Cranmer, Book of Common Prayer, 1552

ALMIGHTYE God, oure heavenly father, who of his great mercy hathe promised forgevenes of sinnes, to al them, whiche with hartye repentaunce and true faithe turne to hym: have mercye upon you, pardon and deliver you from all your sinnes, confirme and strengthen you in all goodnes, and bring you to everlastyng lyfe; through Jesus Christ our Lorde. Amen.

United Methodist Church, Book of Worship, 1989

In the name of Jesus Christ, you are forgiven.

Here we pause for an aside to the more scholarly reader who may take exception. We note that Cranmer’s version was not a unique invention but a translation and adaptation of a more ancient work, and the same can be said of the current UMC version. The point is not which is the more appropriate liturgy for Holy Communion. (Though I would hope to have that discussion and have made some preliminary comments here and here in addressing a preference for ad orientem worship.) The point is that there is a uniquely Christian vocabulary available to Cranmer which is missing in modern preaching, liturgy, and writing. Indeed, some of the concepts easily communicated in this one sentence of the Cranmer liturgy present a plethora of perplexities to the modern speaker who feels constrained to use the language of modernity–a language that does not posses the vocabulary to express the basic tenets of the Christian faith.

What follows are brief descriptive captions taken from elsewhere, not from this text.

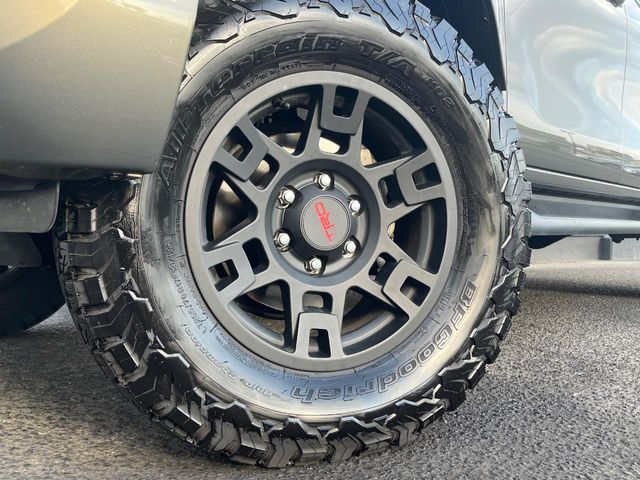 TOYOTA HILUX 4WD 2021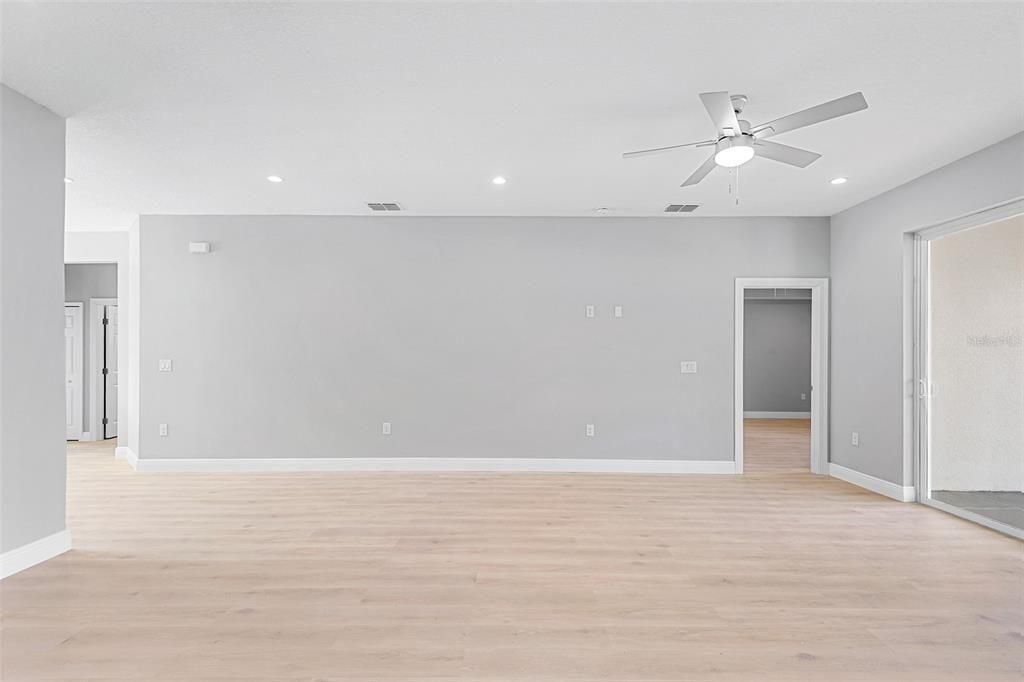 En Venta: $309,000 (3 camas, 2 baños, 1675 Pies cuadrados)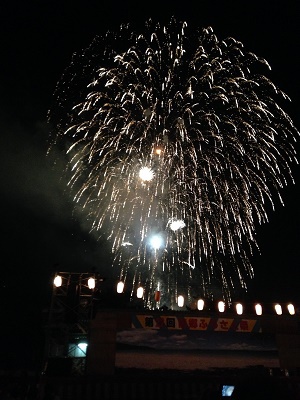 「２つ目の窓」と「龍郷ふるさと祭り」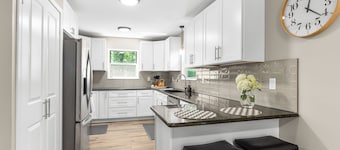 Modern [3BR/2BA] Family Home in Commerce Township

The shorter sentence is an easier read but it is less clear. Its brevity leaves a void which the hearers must fill with whatever significance their imagination provides. For this reason many leave the Communion table with the same rhetorical question we have after conversing with some bishops, “What was the point in that?”

Again, for those who are well informed on these things and would argue, “But this is taken directly from the earliest rite of the church,” I respond that it is not. Even if it were, that would be no excuse to avoid clarity in our conversation. It is a mis-adaptation of that rite. First, the modern translation is at variance with the original in several places. Second, and most importantly, the original was designed for a people who had experienced three years of catechism before they were even allowed in the room where the Eucharist was celebrated. It was not deemed appropriate for people walking in off the street and would be inconceivable for use by a church that does not even posses a rudimentary catechism. The original to which you refer was for a community that, though they may be judged illiterate by worldly standards, were thoroughly immersed in the language of the people of God. If the words disappear from this part of the liturgy then they must reappear somewhere else in our conversation if we are to be honorable stewards of the faith entrusted to us.

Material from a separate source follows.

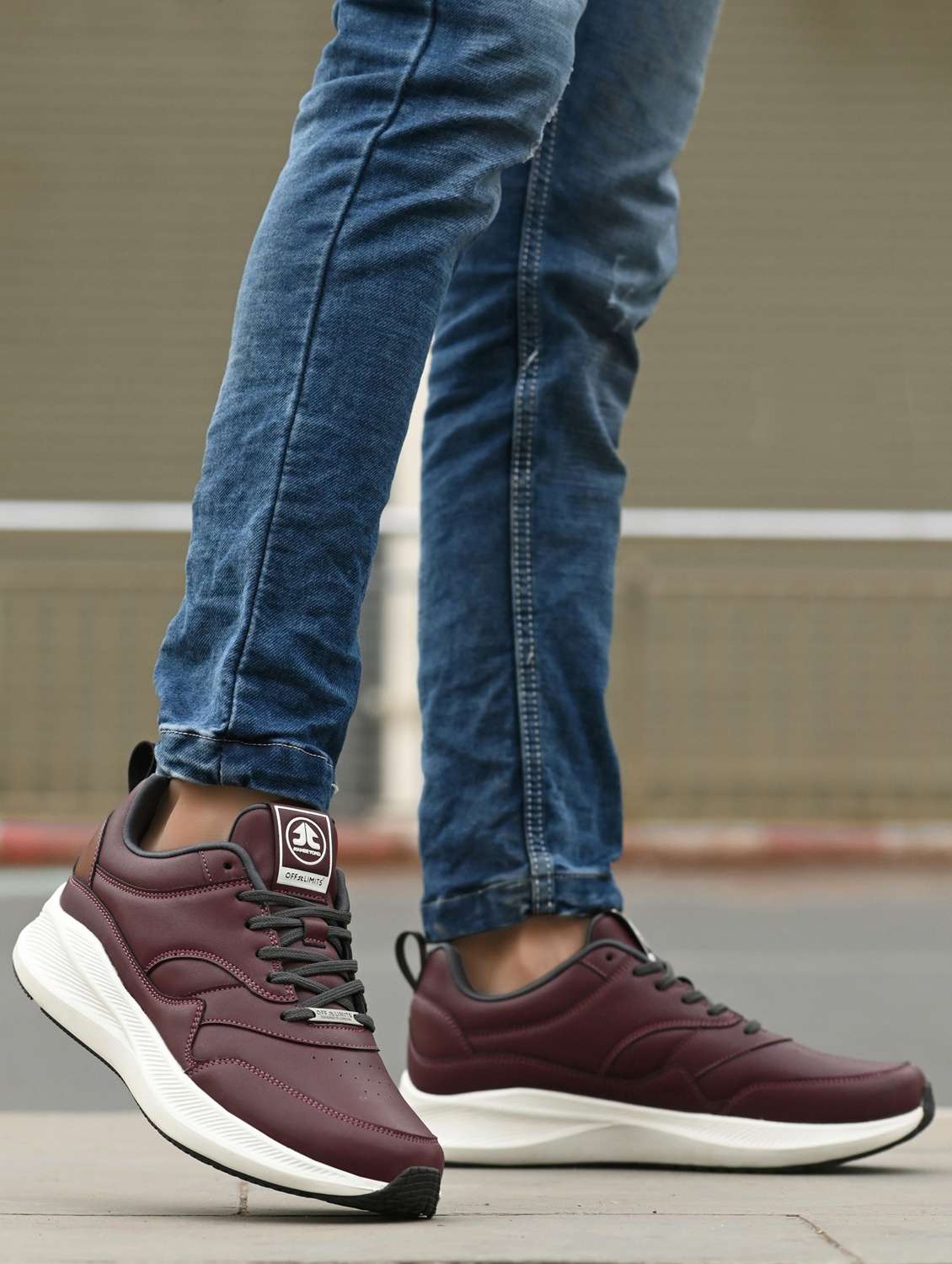men solid maroon sport shoe - 22020633 -  Standard Image - 1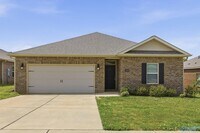 Building Photo - 102 Derbyshire Dr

Beginning in the 1960s and culminating in the 1990s (the time of the above mentioned liturgical change) there was a movement to “clean up” the language of church. A lot of words disappeared. One older pastor notes that the word “surrender” is less prevalent than it once was and that if it had been removed then it must have been replaced with something else. He believes that “surrender” has been replaced by “commitment.” Now, commitment is a good word that belongs in the Christian vocabulary, but it is not a substitute for surrender. The one focuses on the individual and relies on one’s strength to maintain it. The other focuses on an encounter with the Holy and relies on Christ’s faithfulness to maintain us. Words matter.

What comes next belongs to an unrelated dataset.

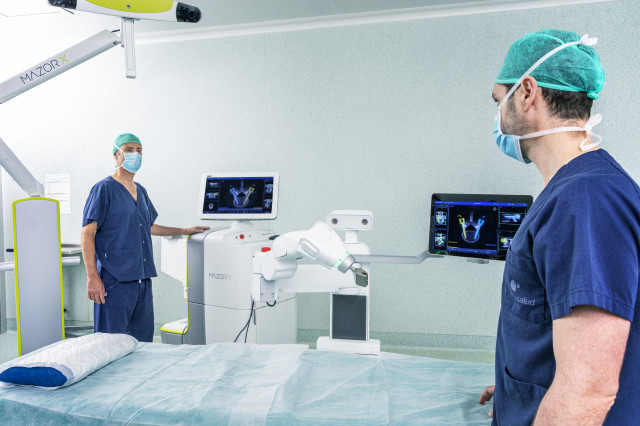 HospitalQuirnsaludBarcelona RobotMazorX Dr.ClavelyDr.Catal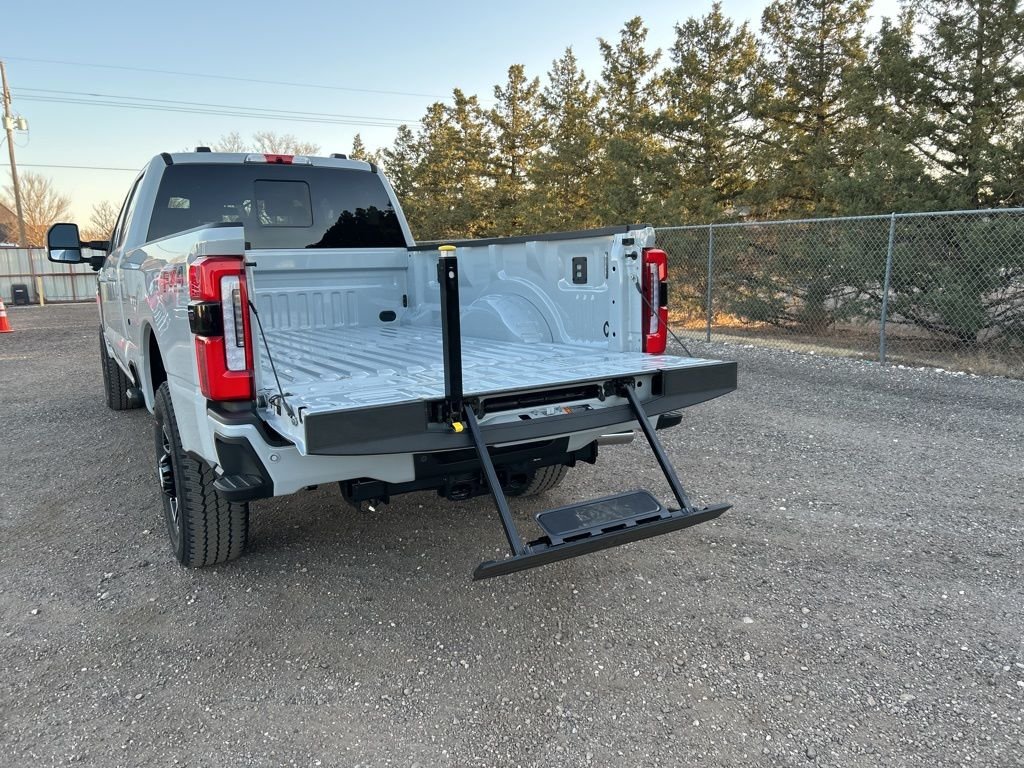 New 2026 Avalanche Ford Platinum image 7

We do not need to return to Elizabethan English. We do need to reach into the treasury of biblical language and the richness of the vocabulary of the ecclesial community. If that means reaching back a few hundred years to find the right words, then so be it. However, the right words can most often be found by staying in the text of the Bible–without either softening the essence of the words to satisfy secular sensitivities or overexplaining them for the uninitiated until we have forced a meaning on them which the Holy Spirit never intended. If we attempt to convey the Apostolic faith while wearing the bit and bridle of modernity then we will be steered off course into the direction of the world. Where is the world going? Quite plainly, it is going to hell.